1AUVA Meidling, Austria
2Department for Evolutionary Anthropology, University of Vienna, Austria
3Sigmund Freud University, Austria
Submission: September 25, 2019; Published: October 11, 2019
*Corresponding author: Hermann Prossinger, Department for Evolutionary Anthropology, Faculty of Life Sciences, University of Vienna, Vienna, Austria
How to cite this article: Boesmueller S, Gerstorfer I, Steiner M, Prossinger H, Fialka C, Steltzer H. Pain Management After Elective Shoulder Surgery: A Randomized Quantitative Study Comparing Hydromorphone With Piritramide. J Anest & Inten Care Med. 2019; 9(4): 555768. DOI: 10.19080/JAICM.2019.09.555768. DOI: 10.19080/JAICM.2019.09.555768
Abstract
Background: Postoperative pain management plays an important role in elective shoulder surgery. Several methods have been investigated so far. The aim of this randomized quantitative study is to compare two frequently used postoperative pain regimes (hydromorphone versus piritramide) regarding onset and duration after the effectiveness of the single-shot interscalene block has diminished.

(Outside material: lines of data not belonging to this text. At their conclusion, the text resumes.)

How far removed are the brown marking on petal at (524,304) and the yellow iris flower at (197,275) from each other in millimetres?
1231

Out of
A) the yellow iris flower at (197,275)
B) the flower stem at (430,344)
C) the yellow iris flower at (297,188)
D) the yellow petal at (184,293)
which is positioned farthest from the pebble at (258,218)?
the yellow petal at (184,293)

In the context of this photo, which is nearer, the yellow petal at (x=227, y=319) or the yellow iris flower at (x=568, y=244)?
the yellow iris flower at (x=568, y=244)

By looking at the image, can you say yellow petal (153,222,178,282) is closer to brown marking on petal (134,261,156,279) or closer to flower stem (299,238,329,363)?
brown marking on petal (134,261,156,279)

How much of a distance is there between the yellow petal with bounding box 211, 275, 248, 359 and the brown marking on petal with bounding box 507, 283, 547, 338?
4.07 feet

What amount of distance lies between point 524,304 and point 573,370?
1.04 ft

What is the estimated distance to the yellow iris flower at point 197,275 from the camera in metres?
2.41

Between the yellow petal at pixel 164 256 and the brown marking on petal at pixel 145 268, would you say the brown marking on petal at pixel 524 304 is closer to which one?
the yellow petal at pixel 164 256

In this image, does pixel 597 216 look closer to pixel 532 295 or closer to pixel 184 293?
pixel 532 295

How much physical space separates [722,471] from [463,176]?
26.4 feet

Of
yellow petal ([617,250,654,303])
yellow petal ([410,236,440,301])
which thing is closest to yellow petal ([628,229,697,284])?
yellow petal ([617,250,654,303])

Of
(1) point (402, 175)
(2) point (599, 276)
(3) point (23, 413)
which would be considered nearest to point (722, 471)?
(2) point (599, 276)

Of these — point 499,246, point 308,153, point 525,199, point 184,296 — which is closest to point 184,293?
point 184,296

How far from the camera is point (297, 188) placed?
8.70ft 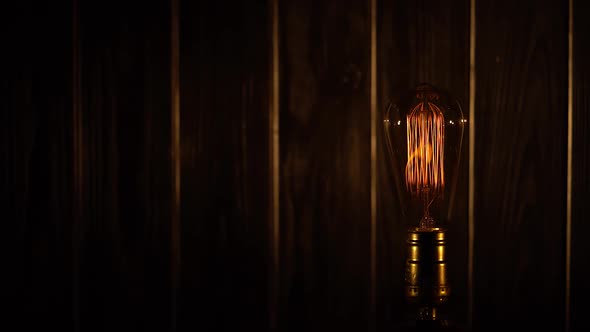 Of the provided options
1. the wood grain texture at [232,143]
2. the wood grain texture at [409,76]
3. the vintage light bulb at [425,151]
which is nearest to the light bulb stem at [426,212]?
the vintage light bulb at [425,151]

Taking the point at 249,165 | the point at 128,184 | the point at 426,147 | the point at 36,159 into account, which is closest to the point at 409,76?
the point at 426,147

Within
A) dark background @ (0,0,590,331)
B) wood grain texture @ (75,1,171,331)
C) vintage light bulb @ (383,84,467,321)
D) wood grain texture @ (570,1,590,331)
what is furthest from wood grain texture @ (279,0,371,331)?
wood grain texture @ (570,1,590,331)

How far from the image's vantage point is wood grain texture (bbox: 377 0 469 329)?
105 centimetres

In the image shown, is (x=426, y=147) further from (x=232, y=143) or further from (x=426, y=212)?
(x=232, y=143)

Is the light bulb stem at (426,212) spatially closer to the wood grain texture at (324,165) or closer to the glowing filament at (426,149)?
the glowing filament at (426,149)

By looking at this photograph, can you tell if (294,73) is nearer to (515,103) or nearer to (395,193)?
(395,193)

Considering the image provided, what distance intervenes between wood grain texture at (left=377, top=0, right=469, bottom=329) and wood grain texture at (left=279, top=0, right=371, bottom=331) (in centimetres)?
3

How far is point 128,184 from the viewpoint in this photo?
107 centimetres

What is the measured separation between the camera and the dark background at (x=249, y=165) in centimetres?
104

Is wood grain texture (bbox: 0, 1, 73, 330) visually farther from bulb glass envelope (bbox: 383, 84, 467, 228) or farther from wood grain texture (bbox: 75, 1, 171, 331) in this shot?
bulb glass envelope (bbox: 383, 84, 467, 228)

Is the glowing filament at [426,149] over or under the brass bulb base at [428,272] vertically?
over

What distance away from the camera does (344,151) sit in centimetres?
106

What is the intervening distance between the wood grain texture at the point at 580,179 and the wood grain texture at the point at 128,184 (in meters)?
0.83

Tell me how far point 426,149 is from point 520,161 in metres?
0.28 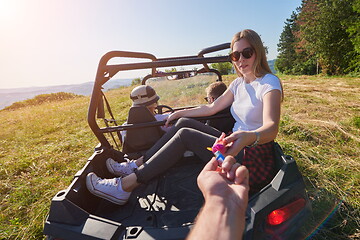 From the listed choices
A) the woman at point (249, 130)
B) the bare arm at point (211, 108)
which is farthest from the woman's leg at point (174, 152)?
the bare arm at point (211, 108)

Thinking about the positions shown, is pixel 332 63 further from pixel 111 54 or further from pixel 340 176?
pixel 111 54

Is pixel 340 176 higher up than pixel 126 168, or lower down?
lower down

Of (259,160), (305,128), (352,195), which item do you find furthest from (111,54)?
(305,128)

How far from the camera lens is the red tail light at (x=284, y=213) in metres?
1.15

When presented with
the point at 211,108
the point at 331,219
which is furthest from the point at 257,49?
the point at 331,219

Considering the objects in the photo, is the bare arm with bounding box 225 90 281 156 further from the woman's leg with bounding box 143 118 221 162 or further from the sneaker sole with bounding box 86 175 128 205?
the sneaker sole with bounding box 86 175 128 205

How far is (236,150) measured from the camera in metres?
1.18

Methods: All patients who underwent elective shoulder surgery at our institution agreed to participate in this study. Upon admission patients were assigned membership to group A (hydromorphone) or group B (piritramide) according to the patient number (which ensured randomization). Pain assessment was performed using the numeric rating scale (NRS). For statistical analyses the techniques of maximum likelihood (ML) estimation were used.
Results: Of the 48 patients aged 18–89 years included in this study, 25 were in group A and 23 in group B. Of these 48, 21 in each group registered pain levels above threshold at least once. Shoulder surgery was performed 45 times in an arthroscopic and 3 times in an open technique. Occurrence of highest pain levels was less likely for patients receiving hydromorphone.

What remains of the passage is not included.